Molecular representation—descriptors
Representing chemical structures as numerical features is generally referred to as molecular or chemical descriptors [40], but sometimes also chemical fingerprints although this is mostly used for structural comparisons and similarity searching. Many descriptor implementations have been proposed, with varying performance. The simplest ones include physicochemical descriptors such as molecular weight, number of rotatable bonds, lipophilicity etc. Over the years, a type of topological (2D) fingerprints describing the local environment around each atom, referred to as circular fingerprints [41], have emerged as robust descriptors that sustain efficient modeling with machine learning methods. Several different approaches and implementations exist, with Morgan fingerprints [42], extendedconnectivity fingerprints (ECFP) [43], and Signatures [29] being the most widely used. These descriptors can be rapidly calculated and since they stem from chemical substructures, they allow for chemically relevant feature interpretations.

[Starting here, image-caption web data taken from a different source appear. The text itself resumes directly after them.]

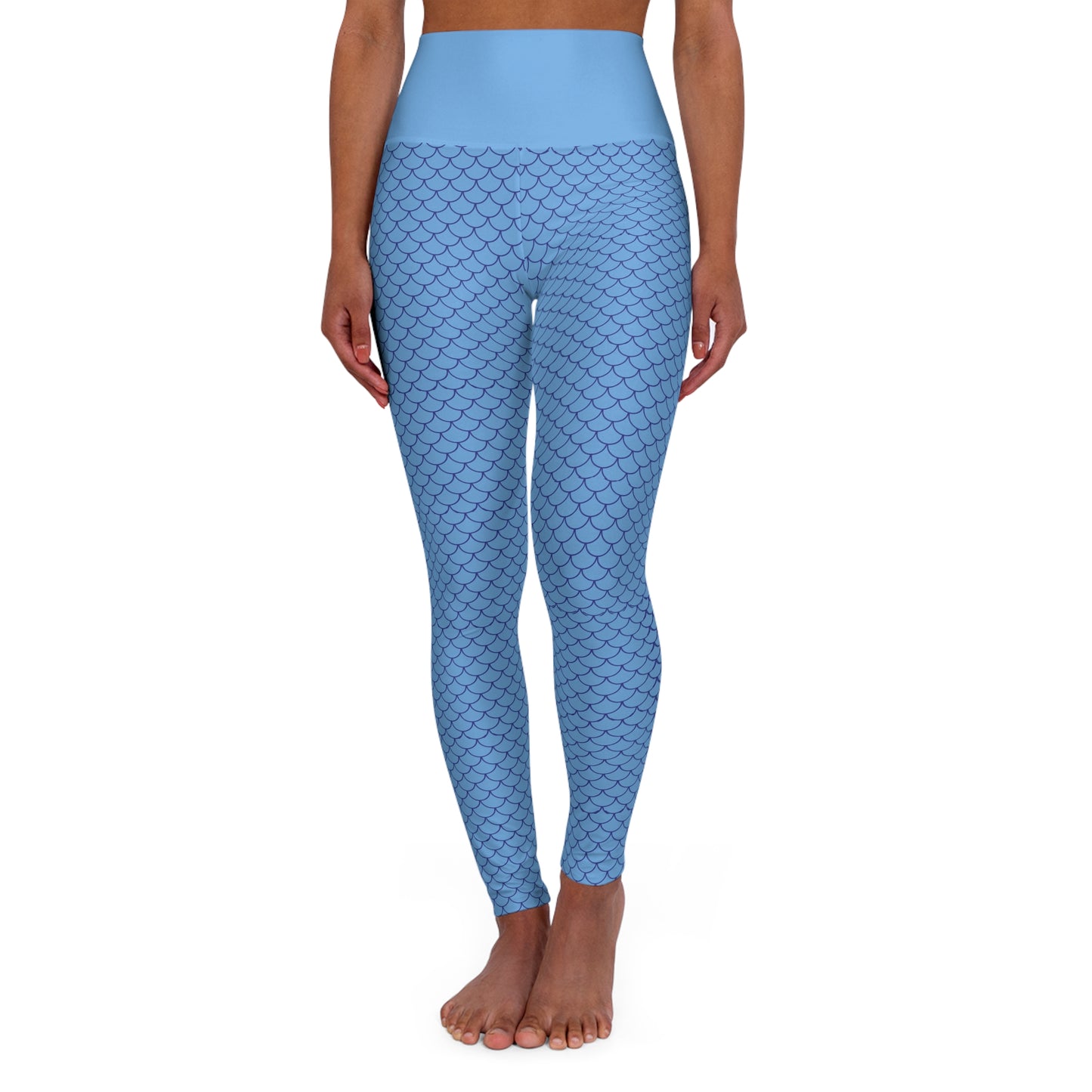 Siren (Mermaid) Blue High Waisted Yoga Leggings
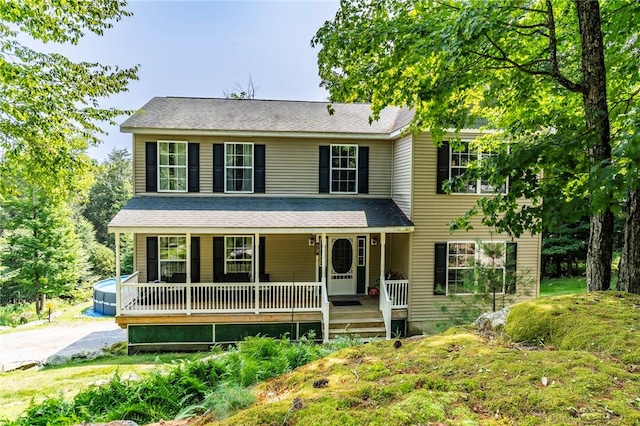 view of front of home with a porch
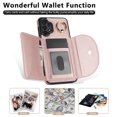 thumbnail image 7 of for Samsung Galaxy A53 5G Wallet Case with Card Holder Women Men, Flip PU Leather Kickstand Shockproof Protective Phone Cover Magnetic Clasp 360 Rotation Ring Stand for Samsung A53 5G, Rosegold, 7 of 7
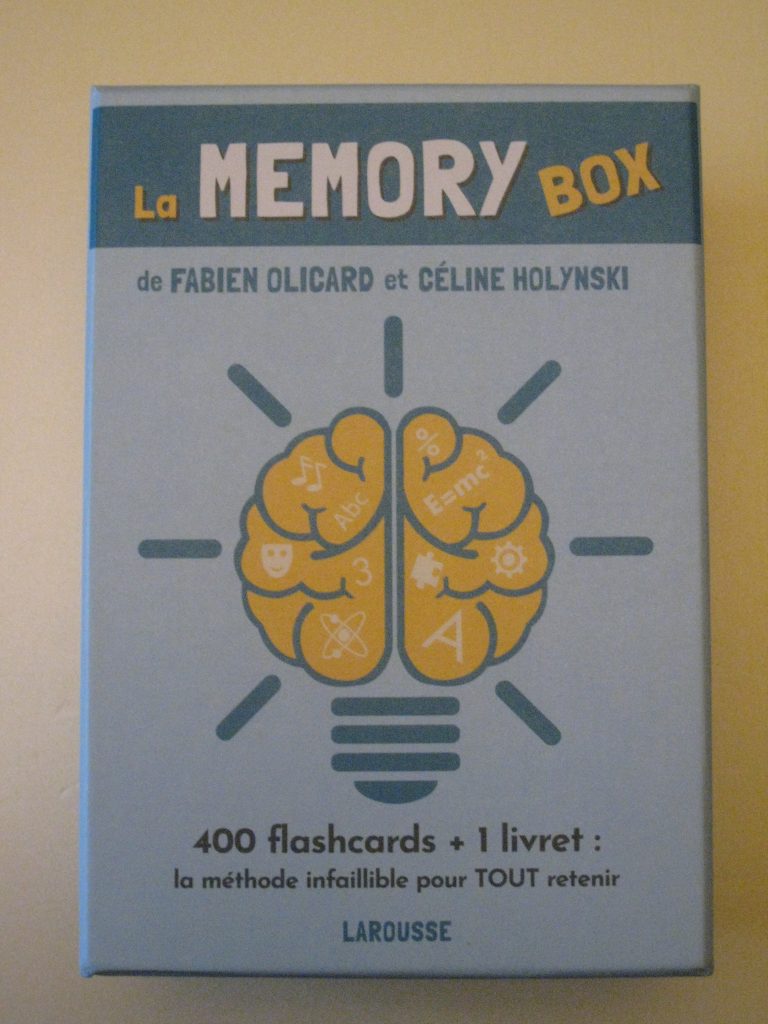 Boite de flashcards La memory box (la méthode infaillible pour tout mémoriser.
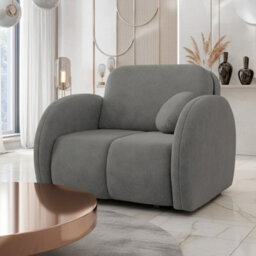 Convertible Armchair Bed Viva Comfy I With Storage Compact Single Sofa Sleeper For Small Spaces Grey - thumbnail 1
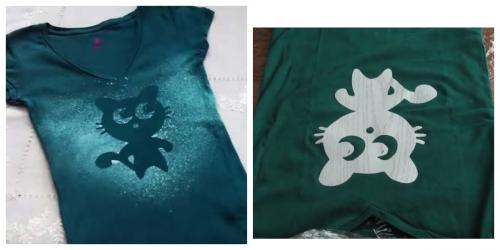 Как украсить белую футболку. Необычный декор футболки белизной. Получается настоящая дизайнерская вещь!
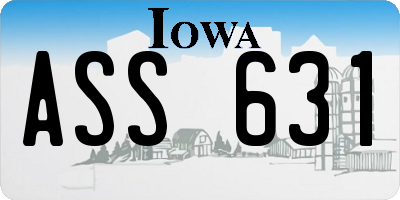 IA license plate ASS631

CPSign implements Signatures as the main descriptor type, but also CDK molecular descriptors [44] including ECFPs. The user can also generate descriptors by other tools and load them as properties from CSV or SDF files together with the chemical structures. Additional descriptors can be calculated by extending an interface as explained in section Adding custom extensions.
Underlying scoring algorithms
CPSign includes the Java versions of the popular LIBLINEAR [45] and LIBSVM [46] packages, both implementing support vector machines (SVMs) allowing for sparse input data. The need for sparse data representation is essentially required when using the Signatures descriptor as the number of features can be in the order of hundreds of thousands for larger datasets—which would require vast amounts of RAM for dense representations. For smaller datasets the RBFkernel SVM from LIBSVM is preferable (other kernels are also possible to use), but the training time scales poorly for larger datasets [47]. For larger datasets the linear kernel SVM from LIBLINEAR is often preferred, as it also includes heuristics in order to speed up training time [45]. Earlier work has been aimed at finding good sweet spot hyperparameters for the combination of using the Signatures descriptor with SVMs [48], leading to robust results using the default settings in CPSign.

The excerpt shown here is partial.